Non che tutto sia negativo, in questo Oxford Murders - Teorema di un delitto. De la Iglesia continua a girare con solida professionalità (e ci mancherebbe altro, viene da dire), e regala pure un bel piano sequenza nei minuti iniziali, che lentamente conduce l'occhio della spettatore alla scoperta del primo cadavere. L'insolita coppia formata da Elijah Wood e John Hurt regala ritratti convincenti di due personaggi complementari (lo studente idealista e il professore geniale e meschino) per quanto sommariamente tratteggiati dalla sceneggiatura. Il problema è che questo film sembra un po' un corpo estraneo nella filmografia del regista, poco in linea con la sua poetica, evidentemente anche poco nelle sue corde. Ispirandosi a un romanzo di Guillermo Martinez, De la Iglesia ha confezionato un thriller che sembra uscire direttamente da un cinema d'altri tempi, in cui la scoperta del colpevole comporta buona parte della tensione narrativa (significativo il riferimento al gioco da tavolo Cluedo); il regista spagnolo ha infarcito poi il tutto di considerazioni filosofiche che restano a un livello superficiale, senza influire nella sostanza del prodotto. La riflessione sulla verità e sulla possibilità o meno di arrivarci (o semplicemente di definirla) sembra un semplice pretesto, non funzionale a uno sviluppo narrativo che resta invece molto lineare.

Abituato al parossismo e alla stilizzazione iperrealistica, il regista non sembra a proprio agio quando si tratta di definire caratteri credibili, scivolando sovente nello stereotipo (con la parziale eccezione della giovane Beth, padrona di casa che prova un'attrazione non ricambiata per il protagonista) e cercando, laddove possibile, di inserire nella narrazione personaggi affini alle caricature da lui offerte nei film precedenti (il compagno di stanza del protagonista, ad esempio, o l'amico del professore che vediamo anche in alcuni riusciti flashback).
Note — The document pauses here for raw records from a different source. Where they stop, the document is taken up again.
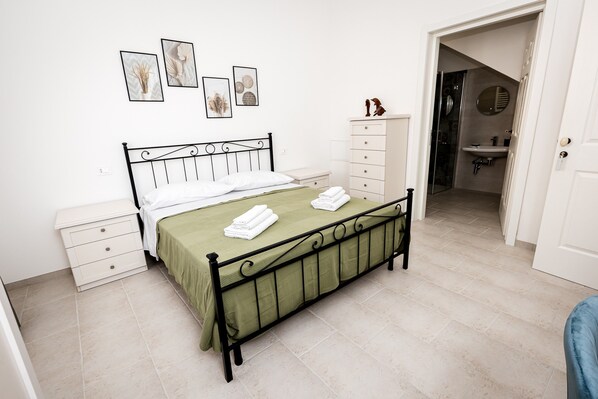 Un dormitorio ordenado con cama, mesitas de noche, cómoda y baño visible a través de una puerta abierta.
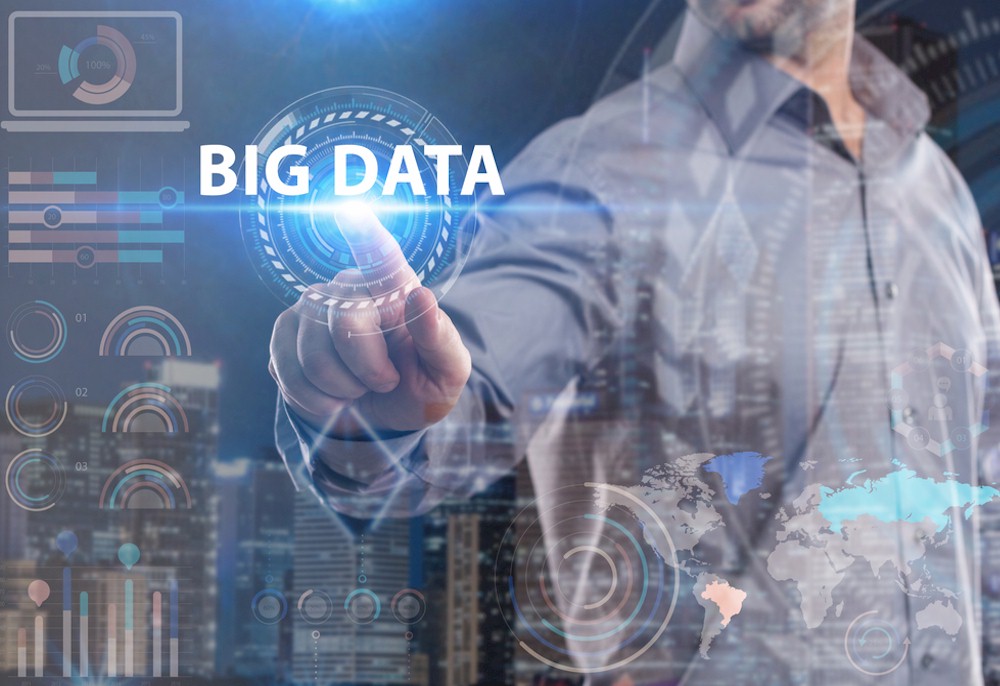 A man pointing to "Big Data"
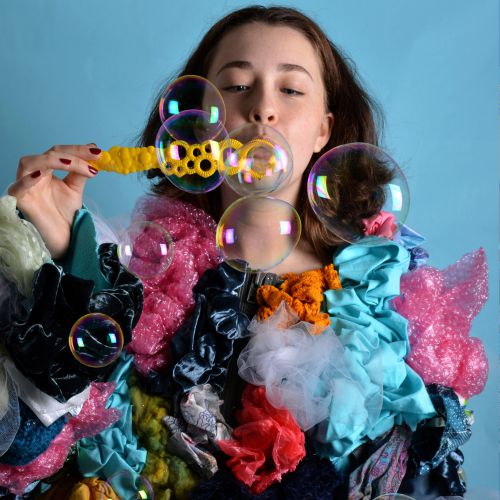 Person blowing bubbles wearing an outfit with various colours
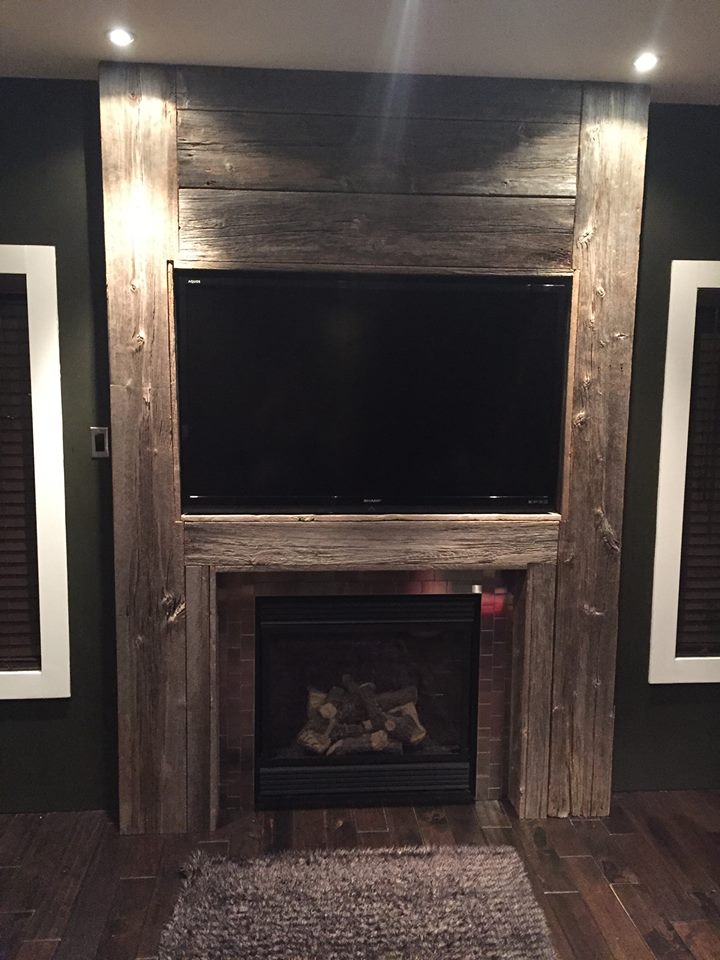 Floor to ceiling grey barnwood fireplace mantle with stainless steel tiles full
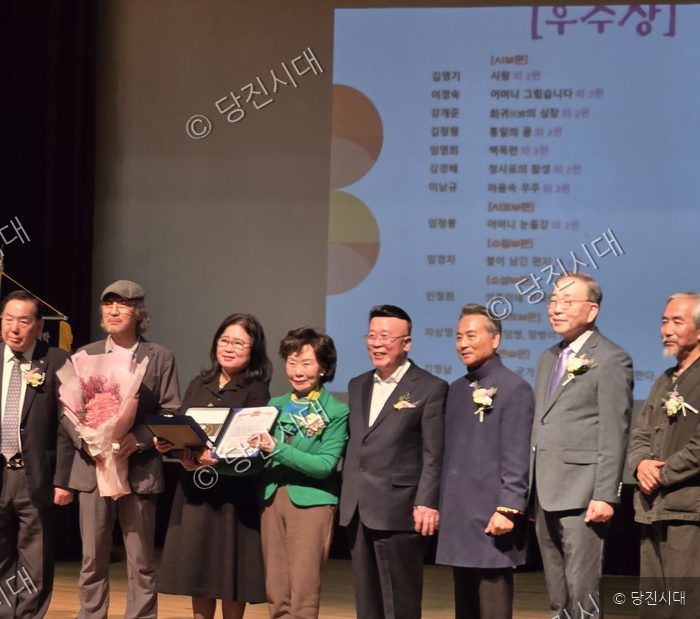 수상자들이 무대 위에서 상장과 꽃다발을 들고 기념 촬영을 하고 있다.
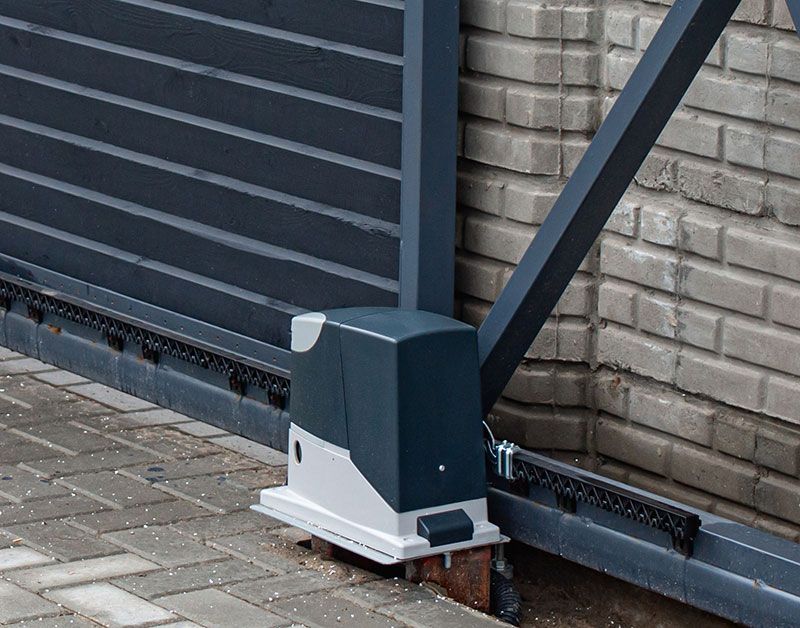 Zoom sur un portail noir avec son moteur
Non convince neanche il controfinale (in fondo prevedibile) né la discutibile morale che ne deriva.
La sostanziale freddezza e la sensazione di "compitino ben svolto" che derivano dalla visione di questo film suggeriscono (con una certa urgenza) che De la Iglesia torni nella "sua" Spagna, e soprattutto a temi ed atmosfere a lui congeniali. Non c'è da disperare: in fondo, dopo Planet of the Apes - Il pianeta delle scimmie, Tim Burton diresse Big Fish. Succederà anche ora qualcosa di simile?